The Executive Order to Restrict Vote by Mail: Trump is still trying to suppress your vote
Joyce Vance
Republican voters regularly use mail-in voting. Nearly one in
five registered Republicans vote by mail. Trump himself uses it.
But in his role as president, he has an almost pathological dislike for the
practice. One in
four Democrats votes by mail.
Data on who votes by mail suggests that many Americans like
it and have confidence in it. For instance, States United reports that
40% of voters who are 65 and over vote by mail. And in 2024, 905,343 members of
the military and Americans living abroad voted by mail.
Trump has defended casting his own ballots by mail, saying he
did it “because I’m president” and “I had a lot of different things” to do. But
when others do it, there is cheating. In essence, the attacks on voting by mail
have become a convenient, if false, vehicle for keeping the voter fraud
narrative Trump loves to push on the front burner.
Trump has been trying to end Americans’ ability to vote by
mail. His most recent effort, after several failed ones, started with a new
executive order he signed on March 31 of this year: “ENSURING
CITIZENSHIP VERIFICATION AND INTEGRITY IN FEDERAL ELECTIONS.” It’s a plot
to transfer control over who gets to vote from the states, who have that
authority under the Constitution, to the federal government, which does not.

We discussed the EO here when
it came out. At the time, I wrote, “The point emerges early on. This is not an
EO about ensuring election integrity. It’s an effort to let politicians, namely
this president, influence election outcomes instead of letting voter elect
their chosen representatives.” The Postal Service responded by promulgating new
rules requiring states to turn over their voter rolls to the administration. A
failure to comply with that rule would cost states the ability to mail ballots
to their voters, because only people appearing on official Trump-approved voter
rolls generated after vetting the state rolls will be eligible to have ballots
mailed to them. If states don’t turn over their lists, no mail ballots.

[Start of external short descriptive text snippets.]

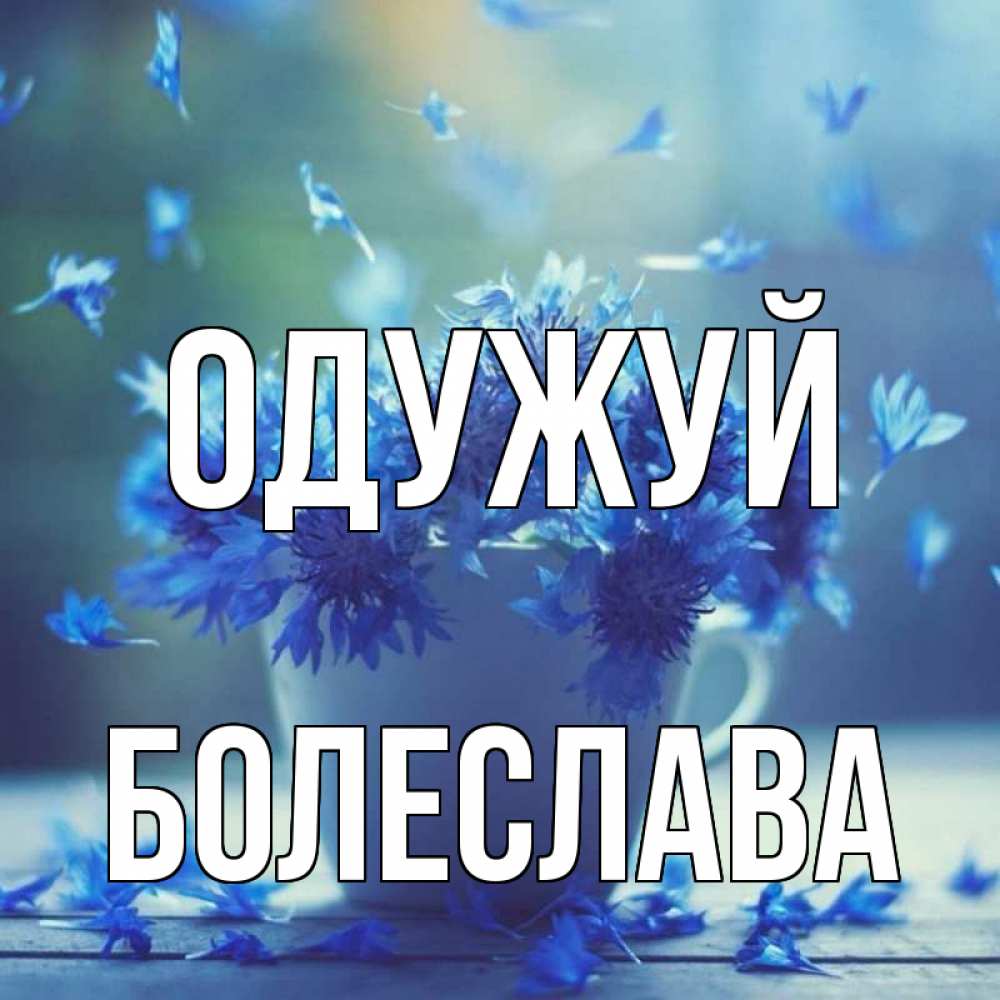 Открытка на каждый день з підписом, Болеслава Одужуй кружка с зельем и цветами Прикольна листівка з побажанням онлайн скачати безкоштовно 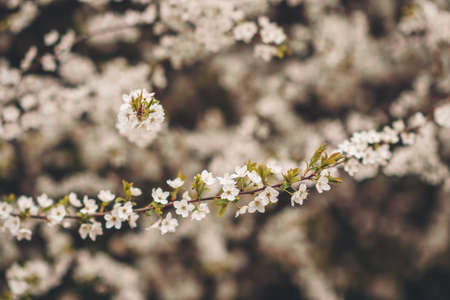 Nature background with white flowers blossoming in spring の写真素材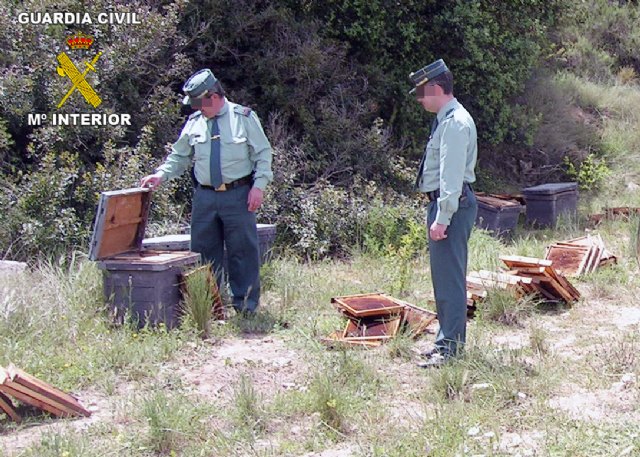 La Guardia Civil detiene a una persona por la sustracción de colmenas en la comarca del Noroeste - 1, Foto 1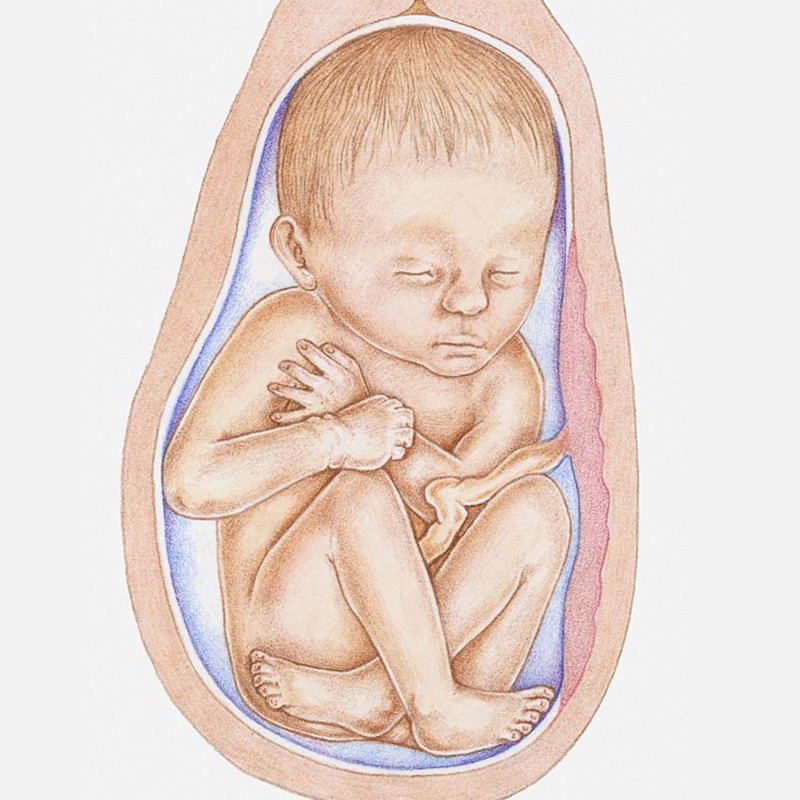 怀孕1到10月的婴儿图图片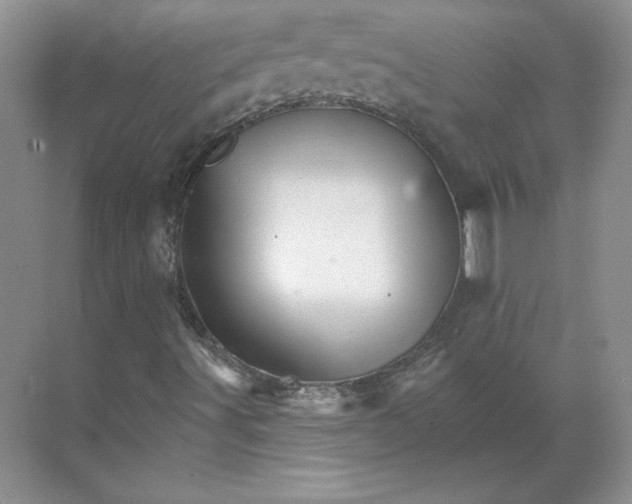 X0000068821491200605191819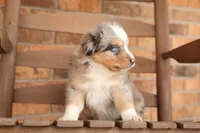 Cody, a male Australian Shepherd for sale in Congerville, IL – Photo 3 of 7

It would have been unimaginable for the Carter, Clinton,
Obama or Biden administrations to restrict voting like this. Even for the
Reagan or Bush administrations. The federal government is going to prevent
states from using the U.S. Mail to send out ballots, unless the states let the
federal government decide who is eligible to vote—under rules set by each
state. It’s rank voter suppression, removing decision making authority from the
states and vesting it in the Trump administration, which has repeatedly demonstrated
its interest in winning, even if that means keeping Democrats from voting or
refusing to count their votes when they do.